An excerpt from the Fed's summary:
Reports from the 12 Federal Reserve Districts indicated either stabilization or modest improvements in many sectors since the last report, albeit often from depressed levels. Leading the more positive sector reports among Districts were residential real estate and manufacturing, both of which continued a pattern of improvement that emerged over the summer. Reports on consumer spending and nonfinancial services were mixed. Commercial real estate was reported to be one of the weakest sectors, although reports of weakness or moderate decline were frequently noted in other sectors.
Reports of gains in economic activity generally outnumber declines, but virtually every reference to improvement was qualified as either small or scattered. For example, Dallas cited slight improvements residential real estate and staffing firms, while New York noted gains only in a few sectors (predominantly manufacturing and retail). Retail and manufacturing conditions were mixed in Boston, but some signs of improvement were reported.
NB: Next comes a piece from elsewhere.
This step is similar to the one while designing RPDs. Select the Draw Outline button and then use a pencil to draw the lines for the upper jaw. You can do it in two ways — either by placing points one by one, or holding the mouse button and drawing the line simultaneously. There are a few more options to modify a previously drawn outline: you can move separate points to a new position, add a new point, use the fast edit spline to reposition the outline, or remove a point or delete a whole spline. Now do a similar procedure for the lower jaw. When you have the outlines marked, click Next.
New York, Philadelphia, Cleveland, and San Francisco cited small pickups in manufacturing activity. In the Kansas City District, an uptick was noted in technology firms, while services firms posted revenue gains in Richmond. However, conditions were referred to as stable or flat for business services and tourism firms in Minneapolis and agriculture in St. Louis and Kansas City.
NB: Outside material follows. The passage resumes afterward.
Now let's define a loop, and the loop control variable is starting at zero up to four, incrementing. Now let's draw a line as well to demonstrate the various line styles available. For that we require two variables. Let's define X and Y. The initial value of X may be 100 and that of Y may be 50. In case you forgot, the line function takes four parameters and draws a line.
The weakest sector was commercial real estate, with conditions described as either weak or deteriorating across all Districts. Banking also faltered in several Districts, with Kansas City and San Francisco noting continued erosion in credit quality (often with more expected in the future). One bright spot in the banking sector was lending to new homebuyers, in response to the first-time homebuyer tax credit. Finally, labor markets were typically characterized as weak or mixed, but with occasional pockets of improvement.
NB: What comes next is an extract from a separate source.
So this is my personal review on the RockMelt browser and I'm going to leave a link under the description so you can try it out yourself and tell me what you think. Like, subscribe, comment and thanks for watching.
The commercial real estate mention in the Fed's summary was understated. But there's nothing minor about the collapse in that part of the real estate market.
Fed officials are known to be deeply worried about the state of the commercial real estate market. The fear is that many banks holding loans on commercial properties are now or will soon be in deep trouble. The Beige Book use of words "weak or deteriorating" for commercial real estate is very sobering, indeed.